# ODD POSTS?



## bloonskiller911 (Jan 29, 2014)

Has anyone else noticed that there are several (new members?) that end their discussion as


* i m new here and i wanna discus on this topic so please reply me.
*

I have seen several posts of this type in most of the forums.  They are all indeed new names from the post count but it seems odd to me.  I haven't replied to any of these for fear they are spam or some type of scam.  I also don't know who to report them too since there are several different names and I haven't written them down.  I know I have seen at least three different entries.  I'll have to keep track in case something comes of it, but I wanted to know if anyone else had noticed it.


I think it is the misspellings and grammar mistakes that are throwing me.  I know we all do it but it is like the spam/scam emails that are sent out.


----------



## Goat Whisperer (Jan 29, 2014)

Yep, I  noticed it too. Just report it. You can use the report button.

If you look at the bottom of a post you will see something like this:
bloonskiller911,  5 minutes ago ------------Report            #1-- Like-  Reply

Click the report button, type the reason (spam? scam?) and your done!


----------



## bloonskiller911 (Jan 29, 2014)

I guess my concern was, if I am incorrect will I be penalized.  I have gained a lot of great info here and would hate to falsely accuse some one and get myself in trouble.  I don't know if I can take that risk @Goat Whisperer!!! lol


----------



## Goat Whisperer (Jan 29, 2014)

I don't think you can be penalized if you really do not know. I have seen them take it down so I'm pretty sure you are safe.  You could always message the mods, and ask them if you should be reporting these posts. @elevan would probably be a good one to ask.


----------



## bloonskiller911 (Jan 29, 2014)

Thanks for the info!!


----------



## Goat Whisperer (Jan 29, 2014)

Your welcome! Glad I could help


----------



## elevan (Jan 29, 2014)

@bloonskiller911 - you will never be penalized for reporting something that you think is "off" for whatever reason.  In fact we NEED you to report these things because our eyes are not everywhere all the time  
Please do report these types of postings as they are indeed spam.  Thanks for your contributions to the forum!


----------



## Southern by choice (Jan 29, 2014)

I tend to be up and check in with BYH at all kinds of hours... I hit the report button all the time! The staff are really great at checking them out and if they aren't legit they quickly remove it!

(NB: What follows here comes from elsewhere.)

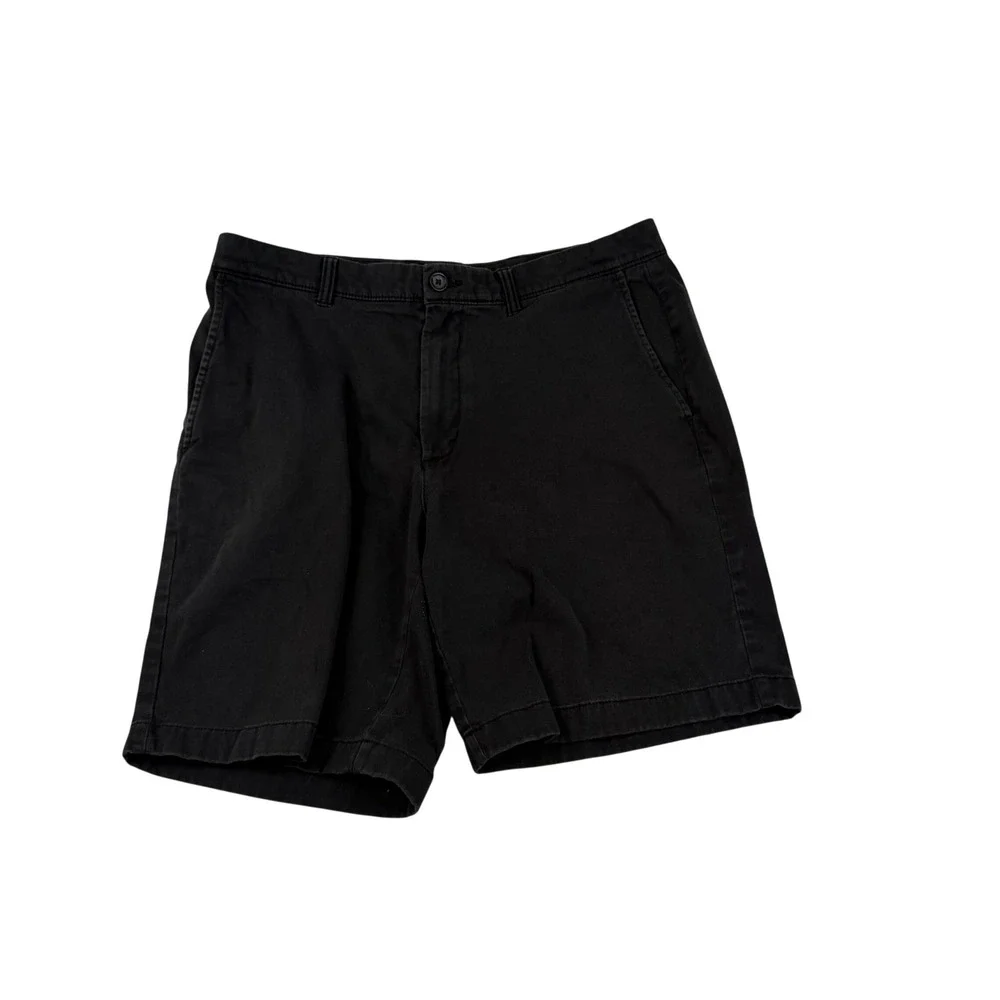 Roundtree & Yorke Mens Black Chino Shorts Cotton Stretch Size 34 Flat Front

BTW- @elevan thank you! You are always so quick to take care of these posters, and keep BYH safe for the rest of us.


----------



## kinder (Jan 30, 2014)

My goodness ...I'm still so new to all this, I didn't realize it. And I always try to great every one. My friendliness has always been a gift and a curse.  . Thanks every one, especially to you bloonskiller, for opening my eyes to this.


----------



## bloonskiller911 (Jan 30, 2014)

@kinder I work in a Sheriff's Department dispatch so I am familiar with scams and such, those post just really caught me at odds.  I know that there are many different BYHer's here from many different locales but it was the pattern and the same language format that made me curious.  Unfortunately there are a lot of dubious people out there.  Unfortunately they keep me in a job though!  LOL


----------



## kinder (Jan 30, 2014)

Well I'm glad to have a friend like you!!!!! I'm sure we all are.............Thanks .


----------